2. Don’t mistake motion for action = “When preparation becomes a form of procrastination, you need to change something. You don’t want to be merely planning. You want to be practicing.” (Ch. 11, Atomic Habits)
James Clear describes the difference between motion and action as the difference between preparing to complete a task and actually completing it. In motion, you might be planning and learning and building your strategy, but in action, you’re doing the work.
As writers, especially if you’re a planner like me, it can be easy to get caught up in all the prep work for a story. Gathering your research. Writing outlines. Creating characters and choosing names. Trying to pick the perfect title. Planning your story world and deciding how everything in it works. All of these things are good, important parts of the process.
However, eventually there comes a point where the prep work stops being an action that makes progress on your story, and instead becomes a motion that keeps you from doing the most important work: actually writing. All the outlines and character sketches in the world aren’t enough to replace sitting down and putting the story onto the page.
Make sure in your writing habits you are balancing time between planning your projects and practicing your writing skills.
3. Be Intentional in Building Relationships = “One of the most effective things you can do to build better habits is to join a culture where your desired behavior is the normal behavior.” (Ch. 9, Atomic Habits)
We’ve discussed the value of having a writing community before. Meeting with fellow writers can give us accountability and feedback to help us grow in our skills. However, even just spending time with other writers can boost our motivation to stick with writing habits. Spending time with writers we respect makes the habit of writing more attractive. We see other people who love story telling, which then helps us get excited about it. Surrounding ourselves with positive influences taps into the part of our brain that wants to fit in. We set ourselves up to use peer pressure to reach our goals.
So how can we find writing communities? One way is to join a critique group, but you can also find writing groups online. Facebook groups and Instagram tags like #christianwriters offer opportunities to connect with likeminded authors. Attending conferences and classes like Write2Ignite’s upcoming event in April provides a chance to meet face to face (or via Zoom). Even having one or two friends who write regularly can make a huge difference in keeping up with your writing practice.
Growing strong and healthy writing habits can be a long process. We have to overcome distractions, time constraints, and wavering motivation every step of the way. But in the end, the harvest is worth all the trouble we put in. Every time we show up, sit down, and write, we reinforce in our mind the fact that writing matters. That this calling to create stories is part of who we are and who we want to be.
If you’re having trouble sticking with your habits, consider checking out Atomic Habits. I’ve found it incredibly encouraging (and a little convicting), and there’s a wealth of information I couldn’t include here.

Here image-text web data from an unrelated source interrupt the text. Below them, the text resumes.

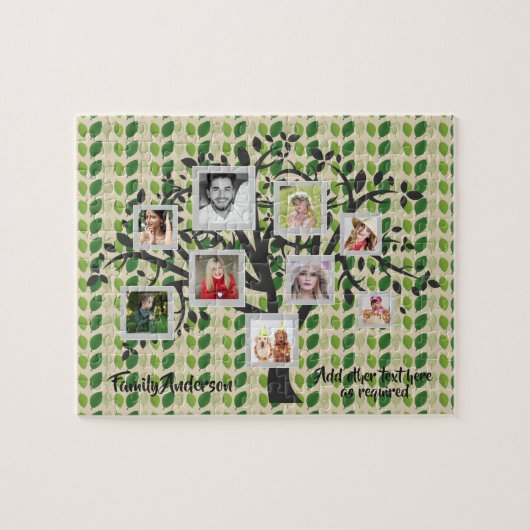 フォトコラージュファミリーツリーテンプレートパーソナライズされた2 ジグソーパズル (横)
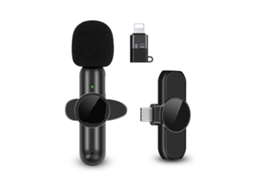 Microfone De Lapela Sem Fio 2 Em 1 Para Iphone E Android Aquaforge
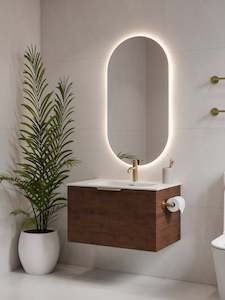 Bathroom Mirrors Mirror Cabinets New Zealand: CODE EURO OVAL 550 LED BACKLIT MIRROR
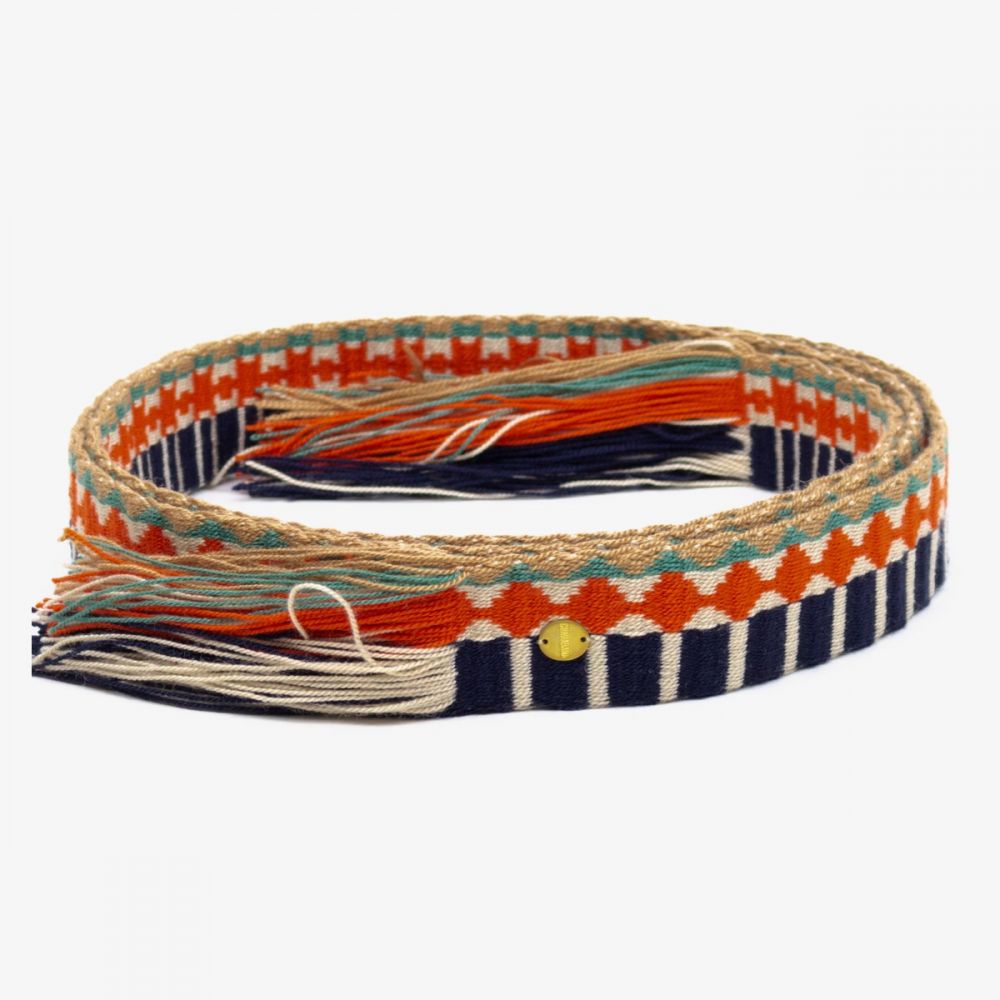 Belt with fringes - Terracota & Navy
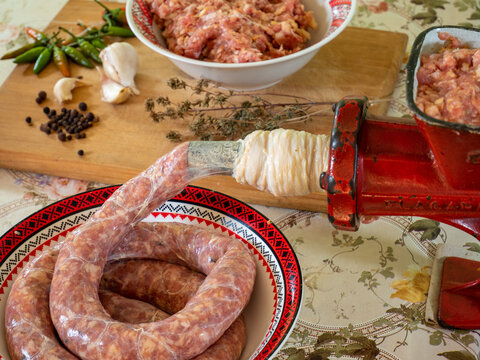 homemade traditional making of christmas sausages  and ingredients aside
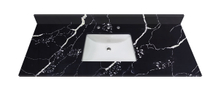 61-in Mersey Black Quartz Double Sink Bathroom Vanity Top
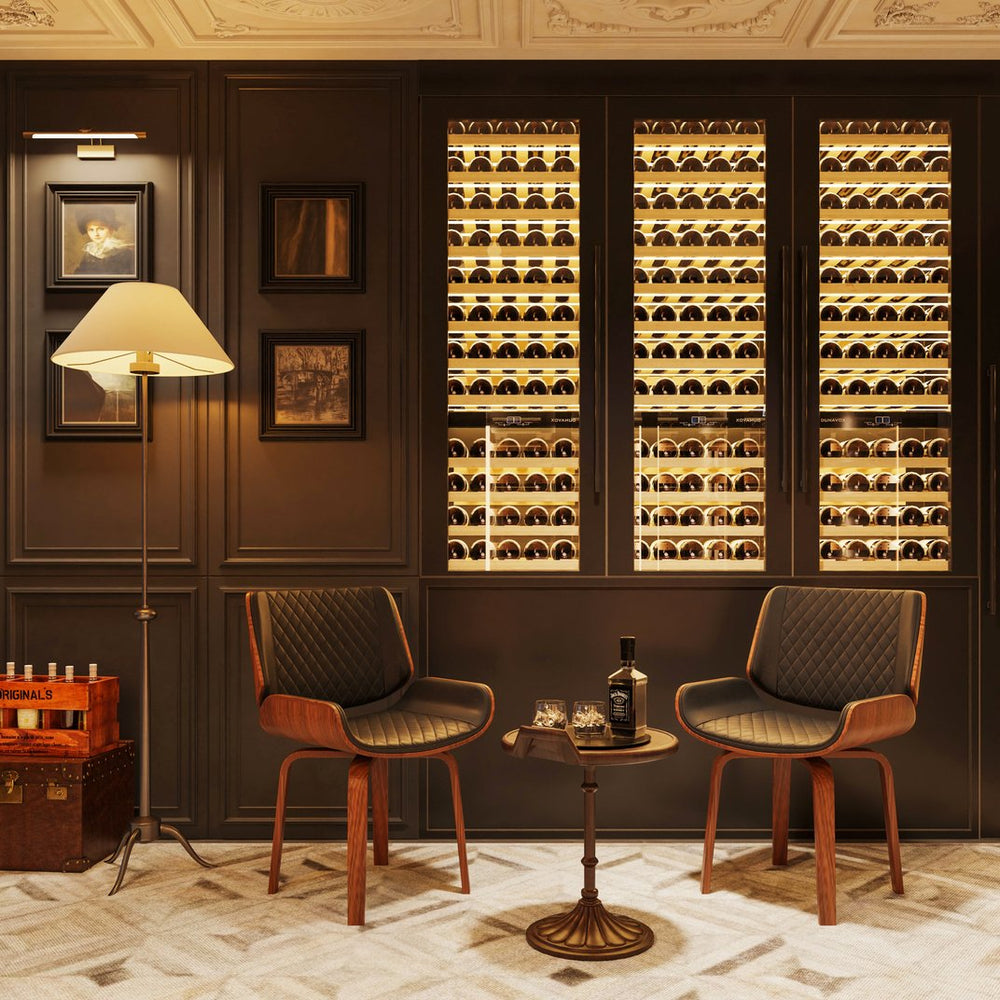 English Elm Mid-Century Modern Dining Chair Set Of 2 - Stylish 360° Swivel, Ergonomic Pu Leather For Any Space N842P290057B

3 thoughts on “‘Atomic Habits’: 3 Tips for Growing Writing Habits that Last”
Great reminder. It’s easy for me to spend time going down research holes…so thanks for reminding me to get on to writing!!
I couldn’t agree more, with the worth of developing these habits for our writing life. I am one who likes to leave my writing space all set to go for the next day! Thanks for a very helpful post, Karley.
I am like Carol. I love researching and can easily spend too much time in that area. I’m still learning how to balance it well with the writing part. Thanks for the reminders, Karley.